(INPUT MATERIAL):
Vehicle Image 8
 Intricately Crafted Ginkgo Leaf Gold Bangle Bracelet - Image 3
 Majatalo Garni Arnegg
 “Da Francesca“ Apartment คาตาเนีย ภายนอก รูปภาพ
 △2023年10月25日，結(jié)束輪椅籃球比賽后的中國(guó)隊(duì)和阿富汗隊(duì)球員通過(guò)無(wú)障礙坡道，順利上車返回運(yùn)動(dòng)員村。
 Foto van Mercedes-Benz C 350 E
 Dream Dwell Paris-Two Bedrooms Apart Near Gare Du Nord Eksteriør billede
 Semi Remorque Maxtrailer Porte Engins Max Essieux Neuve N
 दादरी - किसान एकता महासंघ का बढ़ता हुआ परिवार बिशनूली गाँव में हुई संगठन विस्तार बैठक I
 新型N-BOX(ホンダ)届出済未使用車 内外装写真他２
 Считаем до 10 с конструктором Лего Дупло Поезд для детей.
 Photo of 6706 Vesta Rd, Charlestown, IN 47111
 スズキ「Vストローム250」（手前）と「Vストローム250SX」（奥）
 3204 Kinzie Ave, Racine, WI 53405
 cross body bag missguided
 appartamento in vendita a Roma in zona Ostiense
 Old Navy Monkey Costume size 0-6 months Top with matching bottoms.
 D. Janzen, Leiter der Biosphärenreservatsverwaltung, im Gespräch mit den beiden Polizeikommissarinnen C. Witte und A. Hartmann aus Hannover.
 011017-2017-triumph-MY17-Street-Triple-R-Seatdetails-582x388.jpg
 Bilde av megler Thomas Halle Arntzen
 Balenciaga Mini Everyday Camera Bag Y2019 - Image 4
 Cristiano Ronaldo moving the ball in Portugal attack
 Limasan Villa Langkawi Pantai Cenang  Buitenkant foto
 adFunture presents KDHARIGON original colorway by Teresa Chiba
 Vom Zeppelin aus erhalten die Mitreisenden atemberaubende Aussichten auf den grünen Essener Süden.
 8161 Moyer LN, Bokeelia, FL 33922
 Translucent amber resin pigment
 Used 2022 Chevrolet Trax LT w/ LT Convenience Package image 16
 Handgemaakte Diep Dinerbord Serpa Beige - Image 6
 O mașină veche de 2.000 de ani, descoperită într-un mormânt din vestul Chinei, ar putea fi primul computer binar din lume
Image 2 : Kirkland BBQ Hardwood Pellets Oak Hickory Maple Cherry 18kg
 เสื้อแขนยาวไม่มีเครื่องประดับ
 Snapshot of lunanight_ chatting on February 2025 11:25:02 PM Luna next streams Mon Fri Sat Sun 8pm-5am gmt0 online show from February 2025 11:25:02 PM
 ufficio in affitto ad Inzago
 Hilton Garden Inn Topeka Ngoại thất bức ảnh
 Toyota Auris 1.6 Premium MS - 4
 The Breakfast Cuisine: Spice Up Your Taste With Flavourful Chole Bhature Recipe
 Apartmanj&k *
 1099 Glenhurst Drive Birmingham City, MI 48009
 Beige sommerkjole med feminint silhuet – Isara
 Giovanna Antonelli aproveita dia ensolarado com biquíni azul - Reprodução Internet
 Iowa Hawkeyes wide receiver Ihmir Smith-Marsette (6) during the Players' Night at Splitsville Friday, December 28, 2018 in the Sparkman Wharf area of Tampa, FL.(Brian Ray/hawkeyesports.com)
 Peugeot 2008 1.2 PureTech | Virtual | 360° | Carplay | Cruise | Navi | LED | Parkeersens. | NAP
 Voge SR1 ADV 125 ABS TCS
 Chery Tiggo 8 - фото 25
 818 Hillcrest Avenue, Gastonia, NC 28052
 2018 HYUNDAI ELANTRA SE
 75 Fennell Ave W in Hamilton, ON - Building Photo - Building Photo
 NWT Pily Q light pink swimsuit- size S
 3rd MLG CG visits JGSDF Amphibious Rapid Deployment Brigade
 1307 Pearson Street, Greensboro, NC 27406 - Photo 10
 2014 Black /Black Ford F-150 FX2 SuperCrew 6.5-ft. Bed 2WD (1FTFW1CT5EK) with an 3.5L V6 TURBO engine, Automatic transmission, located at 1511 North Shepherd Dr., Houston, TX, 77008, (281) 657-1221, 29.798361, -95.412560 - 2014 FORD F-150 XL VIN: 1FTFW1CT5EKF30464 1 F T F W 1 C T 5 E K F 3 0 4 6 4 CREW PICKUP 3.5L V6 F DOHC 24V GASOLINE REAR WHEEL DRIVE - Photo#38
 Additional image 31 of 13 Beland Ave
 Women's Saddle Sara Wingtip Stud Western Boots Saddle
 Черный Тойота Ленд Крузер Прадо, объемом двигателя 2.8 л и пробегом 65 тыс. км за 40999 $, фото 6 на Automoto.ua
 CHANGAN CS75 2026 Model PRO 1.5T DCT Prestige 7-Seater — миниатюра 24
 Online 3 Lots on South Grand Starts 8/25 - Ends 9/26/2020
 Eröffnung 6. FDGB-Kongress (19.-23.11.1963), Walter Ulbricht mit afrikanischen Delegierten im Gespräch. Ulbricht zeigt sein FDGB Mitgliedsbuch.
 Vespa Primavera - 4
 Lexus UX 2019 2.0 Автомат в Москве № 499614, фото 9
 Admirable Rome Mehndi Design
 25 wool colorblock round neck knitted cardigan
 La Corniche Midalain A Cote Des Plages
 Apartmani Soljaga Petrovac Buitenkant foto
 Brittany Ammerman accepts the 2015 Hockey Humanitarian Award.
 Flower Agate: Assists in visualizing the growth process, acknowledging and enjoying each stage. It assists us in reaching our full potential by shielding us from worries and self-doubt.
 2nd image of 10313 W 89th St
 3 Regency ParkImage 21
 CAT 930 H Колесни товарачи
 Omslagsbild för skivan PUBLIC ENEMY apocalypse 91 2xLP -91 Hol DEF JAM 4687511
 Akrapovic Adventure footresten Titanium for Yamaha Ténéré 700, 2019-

(INSTRUCTIONS FOR THE TASK): Would you retype exactly the lines above, from the line with "ufficio in affitto ad Inzago" to the line with "Giovanna Antonelli aproveita", with both end lines kept and nothing more?

(RESPONSE):
 ufficio in affitto ad Inzago
 Hilton Garden Inn Topeka Ngoại thất bức ảnh
 Toyota Auris 1.6 Premium MS - 4
 The Breakfast Cuisine: Spice Up Your Taste With Flavourful Chole Bhature Recipe
 Apartmanj&k *
 1099 Glenhurst Drive Birmingham City, MI 48009
 Beige sommerkjole med feminint silhuet – Isara
 Giovanna Antonelli aproveita dia ensolarado com biquíni azul - Reprodução Internet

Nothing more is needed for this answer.